Contemporary Emirati artist Mohammed Kazem’s Art Dubai Portrait Exhibition, The Shape of Everyday, starting January 14th, features works from the early 1990s through today that are emblematic of the artist’s œuvre. Three of his career-defining bodies of works – his seminal Directions series, his ‘scratchings’ on paper, and his visualisation of the materiality of light and sound, are united in a show where conceptual profundity meets frank irreverence. Dubai-based artist discusses his practice, encompassing video, photography and performance, as a means to finding new ways of apprehending his environment and experiences.
In his exploration of the mundane, Kazem foregrounds unsung modes of engaging with the social, urban, and natural landscape. The Shape of Everyday spans early, deeply experimental works to more recent series tackling the materiality of sound and light. In Kazem’s hands, the banality of the everyday becomes a site of exploration for his heightened ways of seeing.

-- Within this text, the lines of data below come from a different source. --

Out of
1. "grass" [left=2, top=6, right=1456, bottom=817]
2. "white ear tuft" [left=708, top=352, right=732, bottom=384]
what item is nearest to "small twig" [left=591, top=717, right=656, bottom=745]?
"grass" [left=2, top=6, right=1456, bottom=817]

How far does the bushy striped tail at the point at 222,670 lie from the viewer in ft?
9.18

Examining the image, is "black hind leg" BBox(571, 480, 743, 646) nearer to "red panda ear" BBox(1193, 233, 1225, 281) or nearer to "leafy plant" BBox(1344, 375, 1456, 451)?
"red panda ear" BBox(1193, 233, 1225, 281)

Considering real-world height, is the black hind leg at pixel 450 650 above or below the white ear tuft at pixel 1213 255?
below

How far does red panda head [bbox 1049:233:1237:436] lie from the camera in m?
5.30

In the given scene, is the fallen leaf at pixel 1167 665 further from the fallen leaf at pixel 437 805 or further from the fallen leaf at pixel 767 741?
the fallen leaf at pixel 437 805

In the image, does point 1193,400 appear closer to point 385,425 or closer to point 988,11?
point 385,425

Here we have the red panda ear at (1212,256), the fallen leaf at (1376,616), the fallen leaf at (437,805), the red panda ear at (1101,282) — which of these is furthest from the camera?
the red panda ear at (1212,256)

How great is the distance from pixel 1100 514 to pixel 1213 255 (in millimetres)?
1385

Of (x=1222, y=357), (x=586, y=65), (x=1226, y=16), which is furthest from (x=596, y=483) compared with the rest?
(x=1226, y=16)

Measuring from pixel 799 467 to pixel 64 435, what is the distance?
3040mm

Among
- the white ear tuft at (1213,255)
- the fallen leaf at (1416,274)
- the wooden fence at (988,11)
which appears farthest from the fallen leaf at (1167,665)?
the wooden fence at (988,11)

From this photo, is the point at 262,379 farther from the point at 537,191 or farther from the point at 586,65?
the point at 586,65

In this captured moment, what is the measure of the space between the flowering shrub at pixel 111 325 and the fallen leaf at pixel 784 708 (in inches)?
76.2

Head Movement. An experimental take on body art, Head Movement (1995), is a set of 14 chromogenic prints of the artist’s head nodding upward, then down. Disarming in its simplicity, the work is an early indication of Kazem’s attention to minute, unremarked quotidian actions and encounters. Later, he springboards off such interrogations to fathom the imperceptible.
Directions, Triangle. Directions (1999 – ongoing), inspired by a fateful fishing trip during which he fell into the sea and remained unlocated for over an hour, is a conceptual project conflating Geographical Positioning System (GPS) coordinates with the artist’s very existence. For each work in his series Directions, Triangle (2006), Kazem collected GPS coordinates from three improvised locations around Dubai: a neighbourhood store, a construction site, a hidden alley. After creating triangles from the three previously collected GPS coordinates in random assembly, he relinquished his role as the fabricator to local seamsters, who rendered the alphanumeric coordinates in hand-sewed sequins covering a glowing swathe, like stitching together layers of the city.

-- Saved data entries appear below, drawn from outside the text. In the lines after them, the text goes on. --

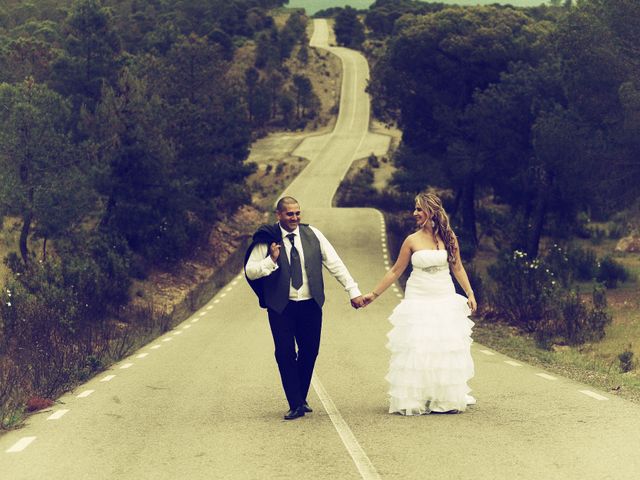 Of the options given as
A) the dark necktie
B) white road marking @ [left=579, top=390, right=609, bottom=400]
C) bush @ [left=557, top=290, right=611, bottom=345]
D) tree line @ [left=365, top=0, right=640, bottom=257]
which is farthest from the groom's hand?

Sounds of… (Seoul Art Space Residency). Kazem’s urge to materialise an experience, a mood, a moment resurfaces in other works. In 2016, during a six-week residency at Seoul Art Space, he used a smartphone to record his commutes on public transport.
Sounds of Doksan Train Station (2016) is a visual record of interstitial moments between destinations on a train. The artist recorded the ambient sounds with the intention of rendering them, coaxing the sonic into material form. Collaborators, once again, engaged with the process: embroiderers made the sound waves manifest with colourful threads sewn into Hanji paper, a traditional Korean handmade paper from the inner bark of the Paper Mulberry tree, native to Korea.

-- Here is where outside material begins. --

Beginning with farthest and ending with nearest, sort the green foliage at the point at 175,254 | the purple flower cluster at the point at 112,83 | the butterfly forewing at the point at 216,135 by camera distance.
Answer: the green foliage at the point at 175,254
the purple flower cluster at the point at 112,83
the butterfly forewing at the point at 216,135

Similarly, Sounds of Euljiro (2016) and Sound of Copper (2017) give visual form to evenings spent at a copper-cutter shop. The artist recorded the fraught moment of a blade hitting metallic surfaces, then rendered the sound using the very materials in the shop.
Sound of Light. Dubai sometimes seems to be in a permanent state of construction. Kazem reacts to this liminal urban state by seeking out the intangible, sometimes even the imperceptible. The artist sees what others cannot, and his practice is devoted to interrogating the frontier between the invisible and the visible. Kazem believes buildings emit sounds that are determined by the light that touches it. In this series of large-scale paintings, the artist captures light streaming across concrete bricks, domes, arches, and scaffolds. The light settles differently, emitting different sounds, which Kazem renders in an interplay of bold brushstrokes and minute detailing.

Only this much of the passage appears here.